A guide for manufacturers and distributors for: Accurately calculating sales and use tax and reducing audit risk
To talk about sales and use tax for manufacturers and distributors, let's define them first.
Manufacturers
Manufacturing is typically defined as an operation of producing a new product, article, or commodity that is different, and that has a distinctive name, character, or use from raw material, and that is intended to be sold either as a finished product or a component of a future finished product. Not all manufacturers use raw materials in their processes, of course. Some, like automobile manufacturers, buy parts or components from suppliers and then manufacture, machine, or fabricate those parts into a new, complete product. These companies still operate as "manufacturers", as defined by tax authorities.
NOTE: Certain industries that do manufacture goods, such as pharmaceuticals, tech, and construction, face industry-specific tax rules that will not be covered in depth in this white paper.
Distributors
Distributors, for tax and legal purposes, are often defined as any individual, partnership, corporation, association, or other legal relationship that stands between the manufacturer and the retail seller in purchases, consignments, or contracts for sale of consumer goods.
When it comes to sales and use tax, manufacturers and distributors generally face complex and unique obligations.
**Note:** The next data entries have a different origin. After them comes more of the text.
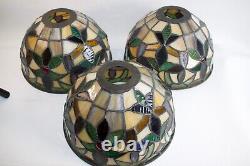 Three Vintage Stained Glass Tiffany Style Lamp Shades Clean LN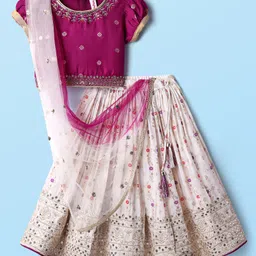 Babyhug Woven Puffed Sleeves Choli Lehenga & Dupatta Set Floral Foil Print - Off White image 4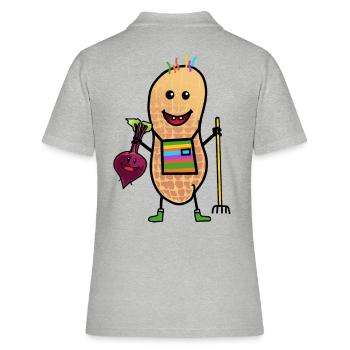 Cacahuètes Freak Bauer Bio Bio-Légumes Culture - Polo Femme - gris chiné - Dos - Ailine (174cm)
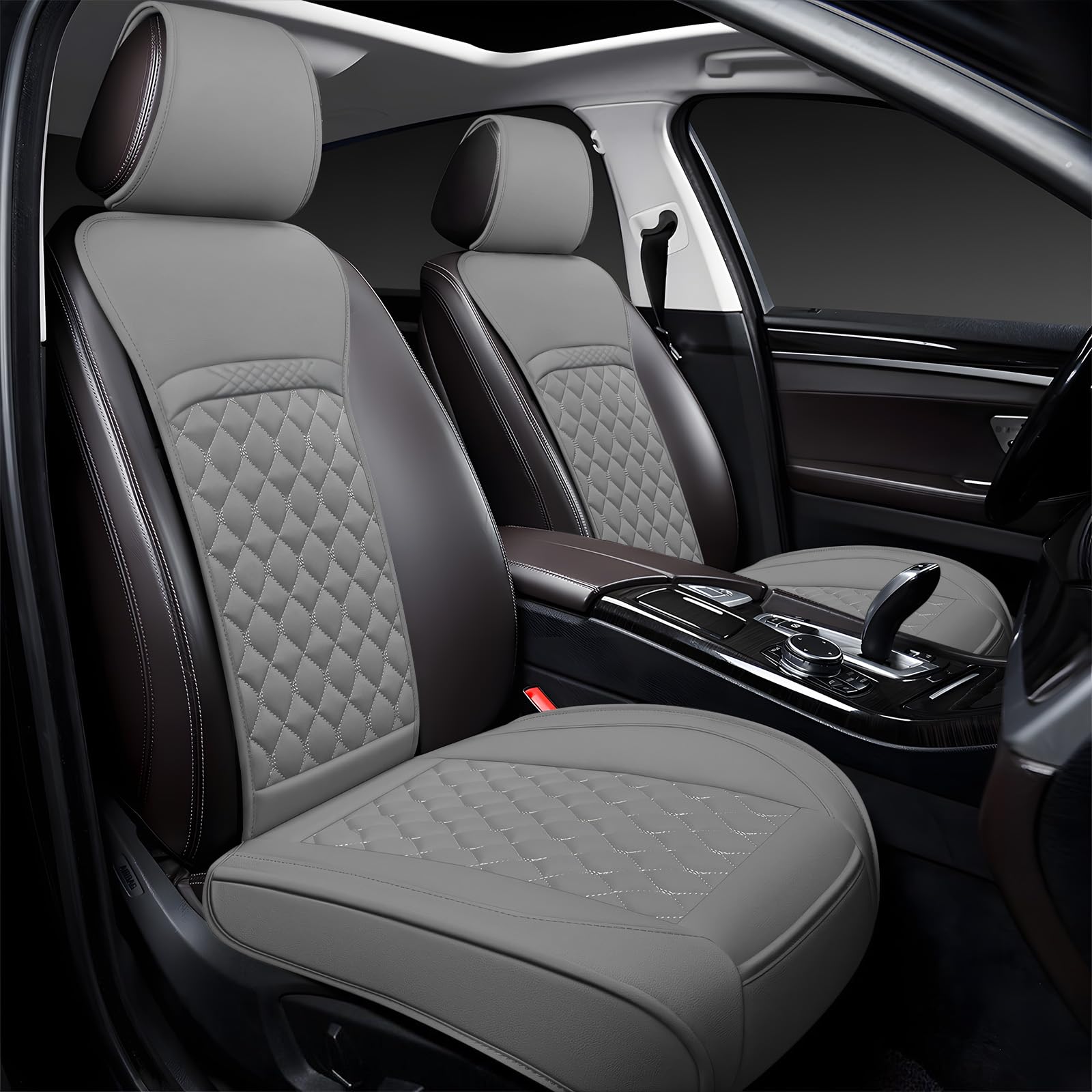 Photo 1 of Joy Forserve Front Car Seat Covers for Hyundai,Leather Waterproof Seat Protector Custom Fit Hyundai Sonata Elantra Santa Fe Santa Cruz Tucson Palisade Veloster,2 Pack,Gray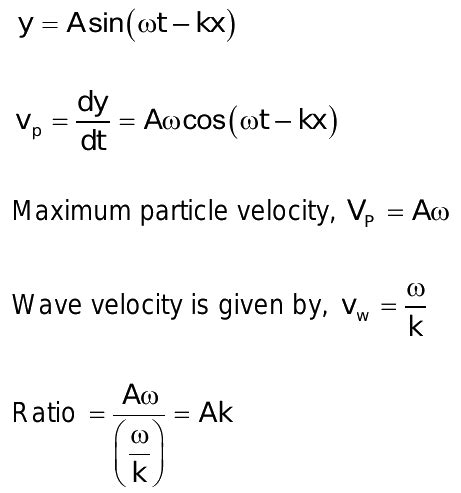 relation between wave velocity and particle velocity formula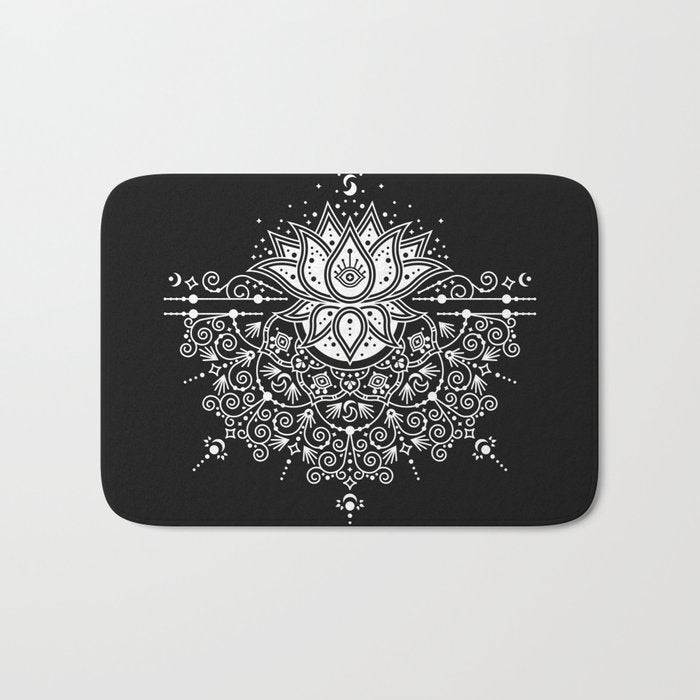 Sacred Lotus Blossom Mandala - White on Black Bath Mat Gallery Image 1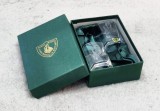 2 pahare cristal incrustat BURNS Scotia Whisky in cutie Robert Burns men cave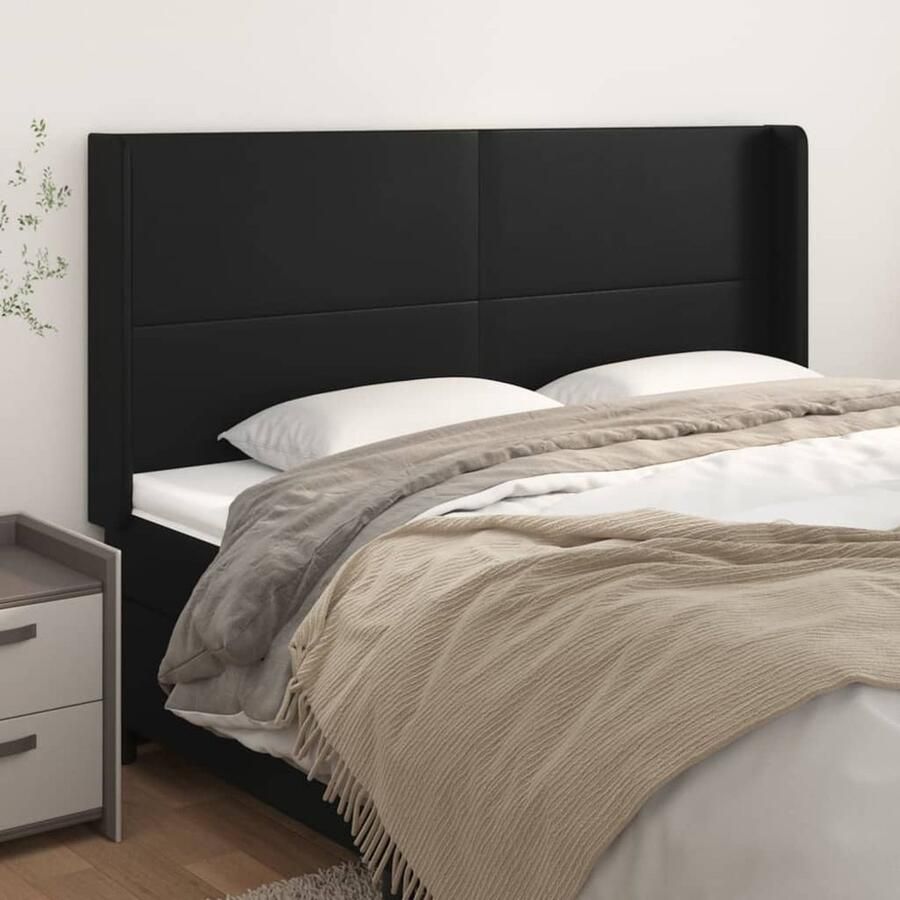 VidaXL Hoofdbord Kunstleer 163x118 cm Zwart Hoofd Bord Hoofdkussen Beddecoratie Slaapkamer Decoratie Zwarte Hoofdbord Kunstleder Hoofdbord Adjustable Headboard - Foto 2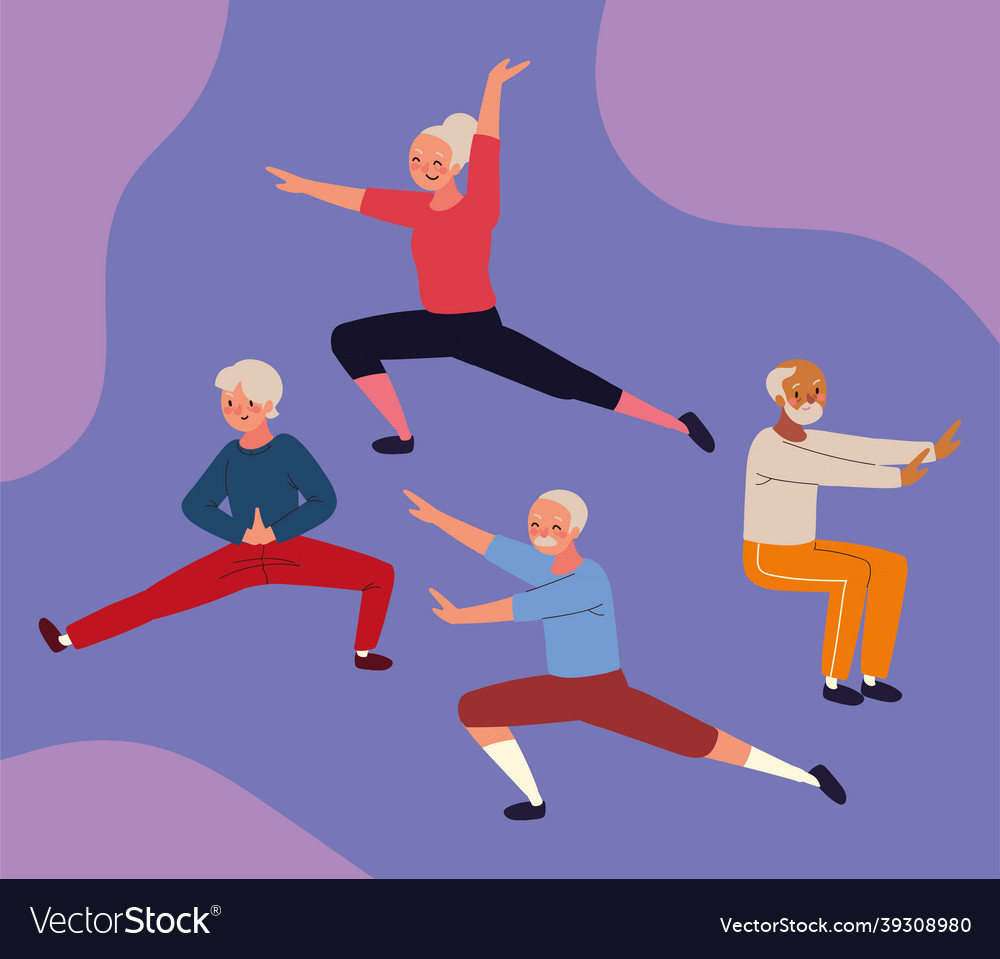 Elderly people making yoga Royalty Free Vector Image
In this paper, we examine some of the most important aspects that may affect a company's sales and use tax liability. In particular, we focus on exemptions, research and development, transfers, and trade shows. Along with exemptions, we cover the tracking of exempt certificates and why it is critical to provide proof of the exemption. Then, we look at the sales tax nexus to review where taxes may be due and how the Supreme Court's Wayfair decision has affected sales tax nexus, and how that can affect your obligations. The paper concludes with steps you can take to reduce your overall sales and use tax risk and liability.